S Africa opposition promises to expropriate private land

Leader of South Africa's opposition Economic Freedom Fighters party says his party will expropriate privately-owned land in South Africa.

Photo by: AFP
Photo by: AFP

South African opposition radical party Economic Freedom Fighters leader Julius Malema addresses the supporters attending the official local election manifesto launch at Soweto's Orlando Stadium in Johannesburg on April 30, 2016.

Leader of South Africa’s opposition Economic Freedom Fighters party said Saturday that his party will expropriate privately-owned land without compensation in all municipalities that the party were to win elections.

Addressing thousands of supporters in Johannesburg during his leftist party’s manifesto launch for the upcoming local government elections, Julius Malema said: “We are not chasing away whites [from South Africa], we are saying they can’t own 80 percent of land.”
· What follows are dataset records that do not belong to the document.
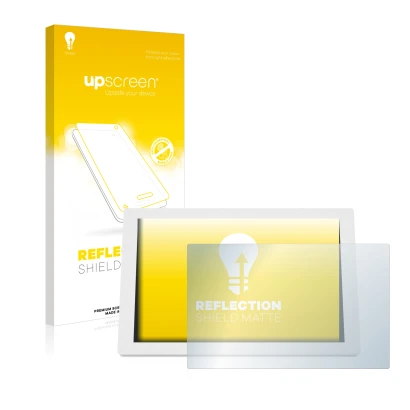 Face avant d’un emballage produit avec le logo de la marque upscreen. À côté, l’appareil WetterOnline Home 3 est représenté av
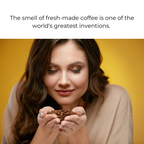 The aroma of a freshly brewed coffee 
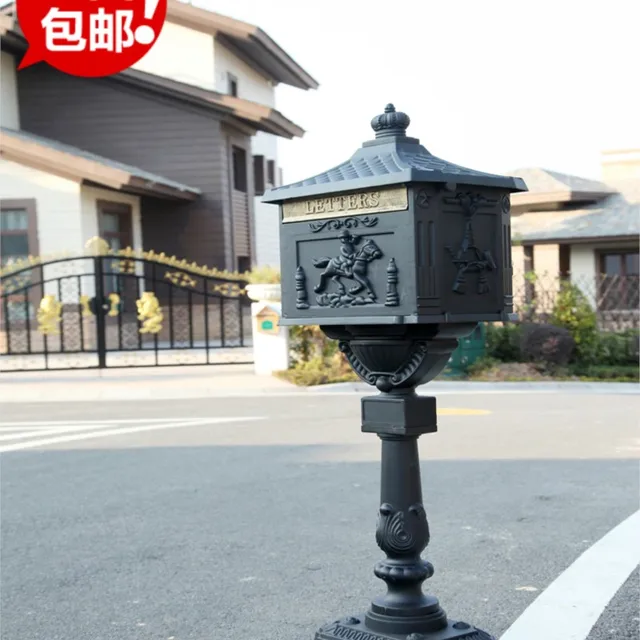 Függőleges Postafiók Mail Box Mount Metal Post Levelek Rusztikus Ország Öntöttvas Postaláda - Image 2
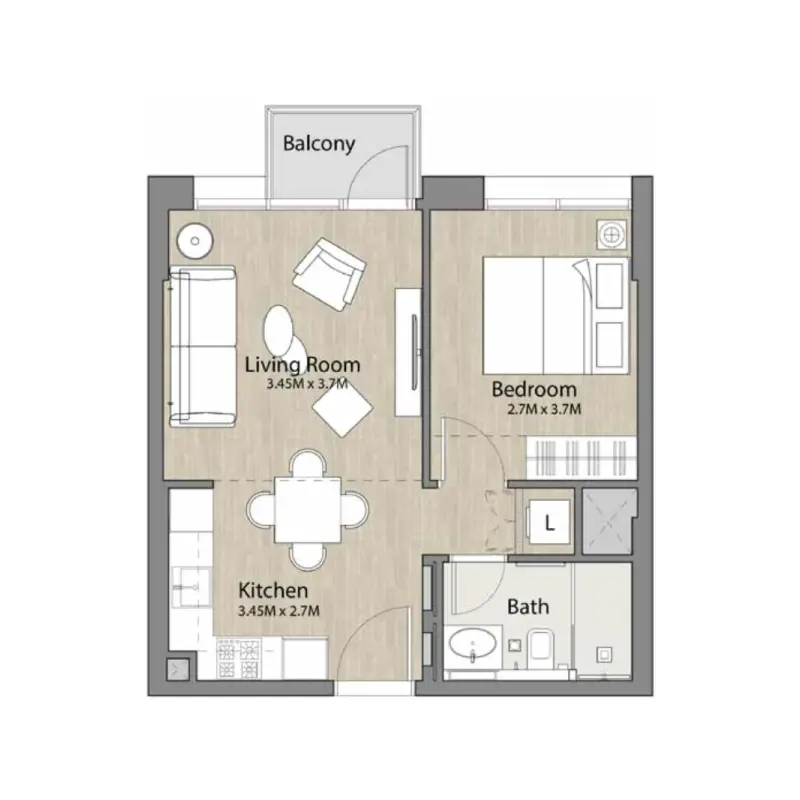 1 bedroom floor plan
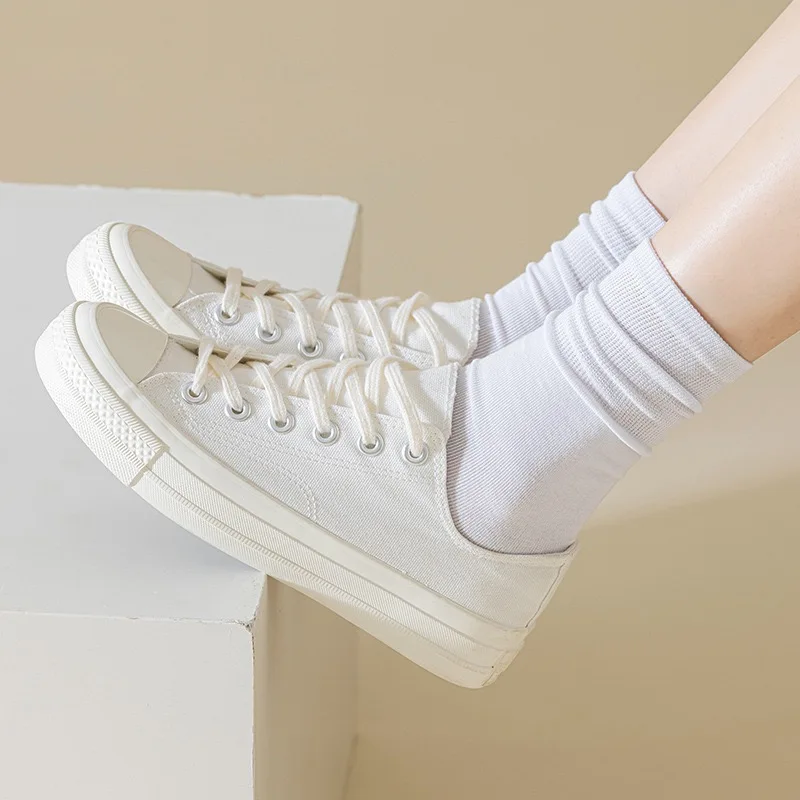 4 Pairs Women Socks Loose Socks Autumn Winter Japanese Style Ins Boneless Flat Seam Comfortable Mid Tube Cotton Socks Harajuku
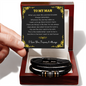 To My Man Braided Leather Bracelet – “Love You Forever” Stainless Steel Bracelet, Romantic Gift from Girlfriend or Wife for Husband, Boyfriend, Brother, Gift Box Included
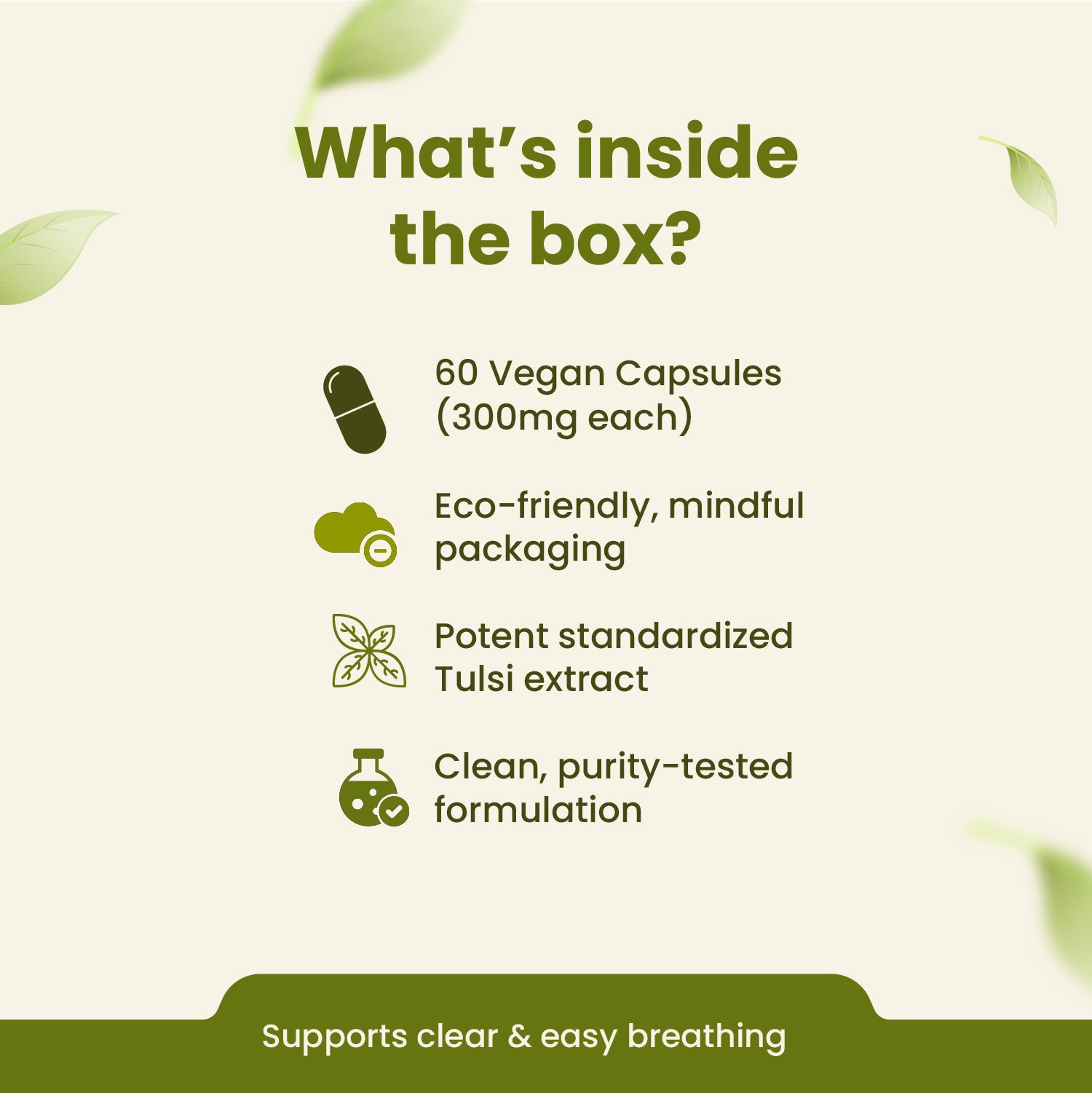 Product packaging with text detailing contents and features on a green background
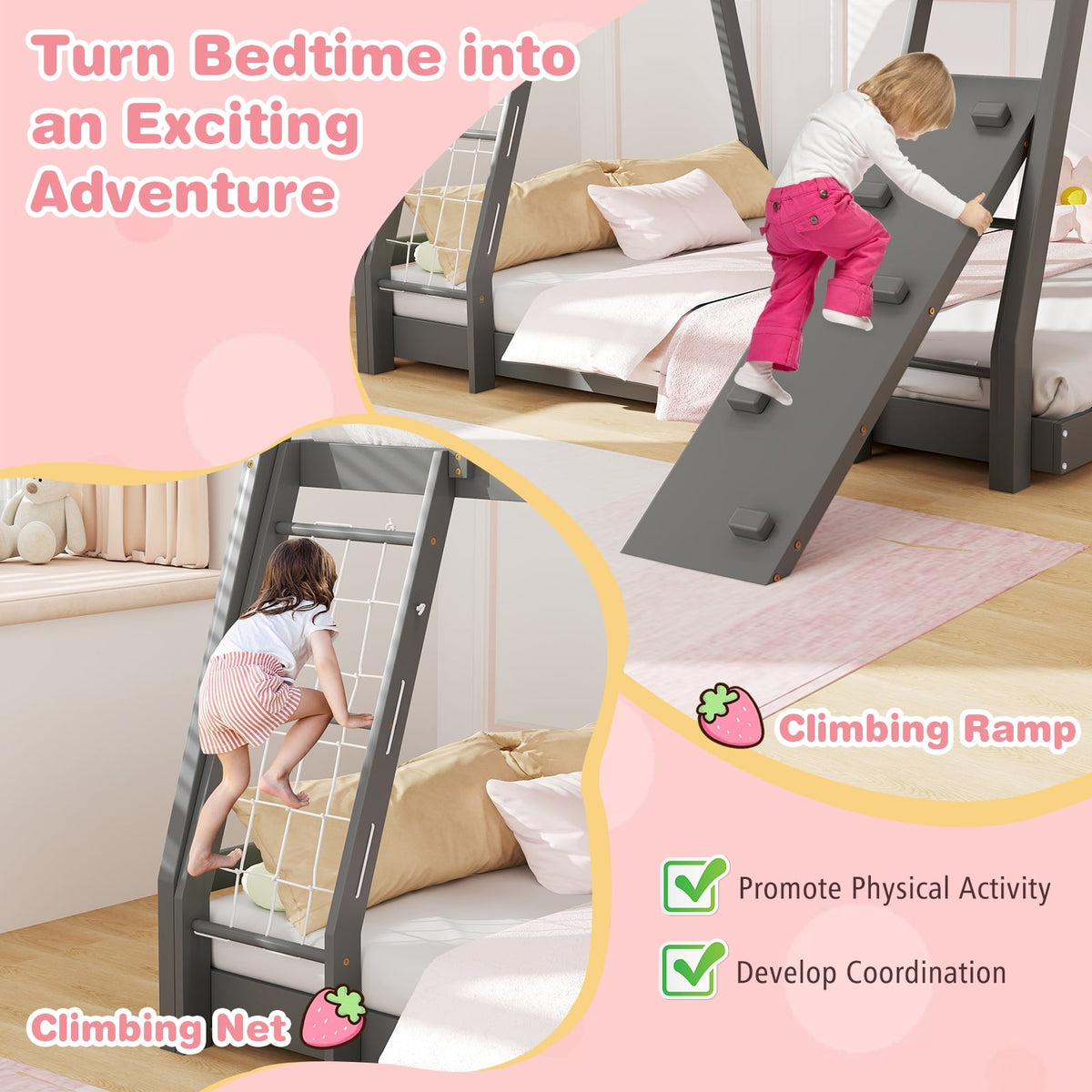 Twin Over Queen Bunk Bed Wooden Kids Bed with Climbing Nets and Ramp-Gray-Toddler Beds-DECOROLALA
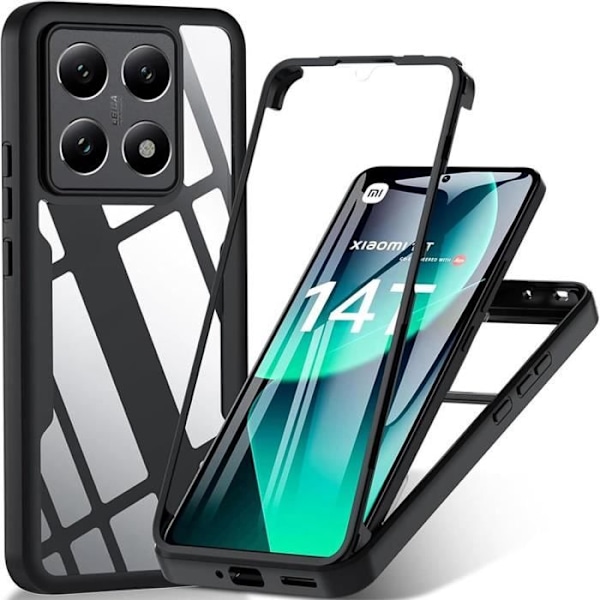 Taske til Xiaomi 14T - Sort hård anti-ridse 360 graders fuld kropsbeskyttelse solid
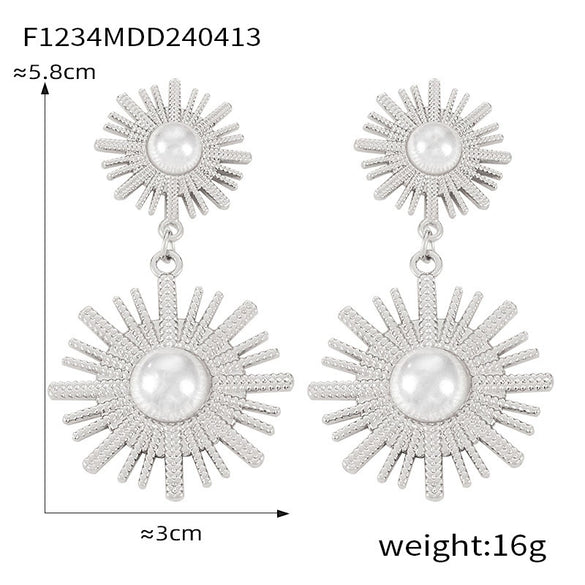 Wholesale 316L Stainless Steel Geometric Retro Temperament Earrings Gold Plated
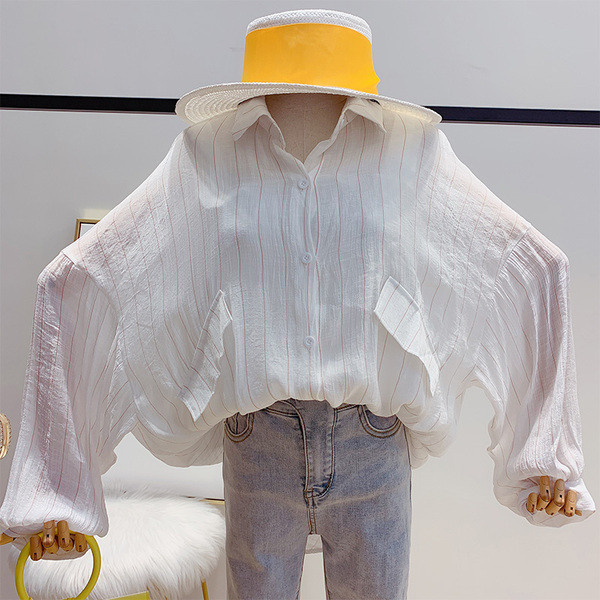 Cămașă de damă în dungi cu mâneci lungi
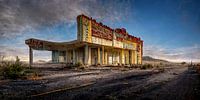 Verlaten casino uit de jaren vijftig langs Route 66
Land is a highly contentious subject in South Africa, a country where huge chucks of land are still owned by minority whites, while the majority of blacks remain landless.

Malema said the land they will expropriate will be re-distributed to the poor and will not be used to enrich party leaders.

South Africa will hold municipal elections on Aug. 3. This is the first time EFF will contest in municipal elections since it was founded in 2013.

EFF, which broke away from the ruling African National Congress, is the third largest political party in the country.

It contested in the national elections in 2015 and won more than one million votes, giving it 25 seats in the 400 member National Assembly.

The party has been vocal in parliament, challenging President Jacob Zuma several times to pay back millions of public monies used to upgrade his private home in his rural Nkandla village in KwaZulu Natal Province.

Majority of commercial farmers in South Africa are whites.

Chris Van Zyl, assistant general manager of the Transvaal Agricultural Union of South Africa, which represents several white commercial farmers in the country, doubted if Malema’s expropriation policy would succeed. 

“The population of South Africa depends on food produced by commercial farmers. Where will Malema get the food to feed over 50 million South Africans once he expropriates the land?” Zyl asked in an interview over the phone with Anadolu Agency.

He said before the expropriation of commercial farm land can succeed, Malema needs to think about providing skills to blacks in farming.

The retired military major general said some land which was taken over by the current government from white farmers and given to black farmers has since remained unused.